The transition to a green economy will vary considerably between nations. It will depend on the specifics of each country’s natural and human capital and on its relative level of development. Many countries have attained high levels of human development but often at the expense of their natural resource base, the quality of their environment and high GHG emissions. The challenge for these countries is to reduce their ecological footprint without impairing their quality of life.

Over the last 25 years, the world economy has quadrupled, benefiting hundreds of millions of people. However, over 60% of the world’s major ecosystem goods and services that underpin livelihoods have been used unsustainably, and many heavily degraded.

Where countries aim to deliver improved levels of services and material well-being to their citizens, they face the challenge of achieving this without significantly increasing their ecological footprints.

The transition to a green economy presents an opportunity; the chance to focus on the economy, finding ways to increase prosperity without increasing resource use and environmental impacts so that the long-term prospects are protected. This drives the opportunity to build economies which can begin to achieve sustainability, where ecosystems are maintained in balance.

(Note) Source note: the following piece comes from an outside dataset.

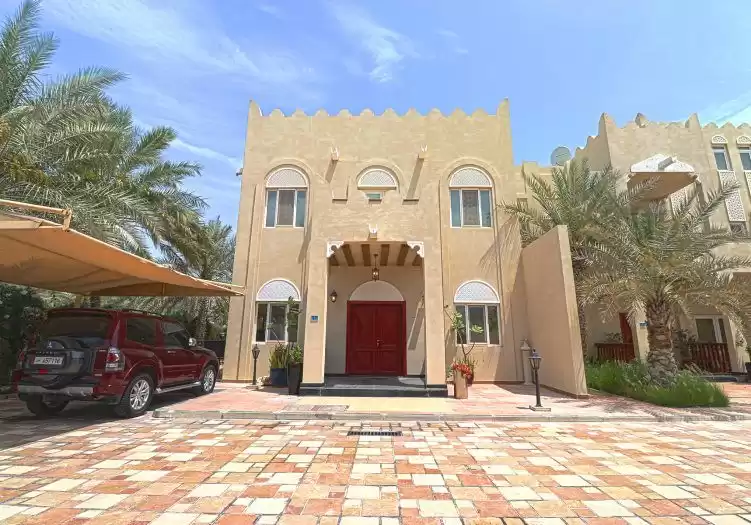 Жилой Готовая недвижимость 3 спальни Ж/Ж Отдельная вилла  в аренду в Аль-Садд , Доха #20707 - 1  image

Human wellbeing is key to this and a focus on the fair distribution of the benefits and costs of the transition to the green economy is important.  Building from this, the primary mechanisms (which have some over-lap) in achieving green economy should relate to strategies around:

  1. Economic Transformation: This includes the building blocks of; developing SMEs, employment of women and youth, adapting education to the labor market, and technological developments
  2. Resource Efficiency: This includes the building blocks of; effective waste, water, energy and travel management, low carbon building and construction and working towards environmental standards.
  3. Social progress and well-being: This includes the building blocks of; addressing national food security, addressing gaps in healthcare models.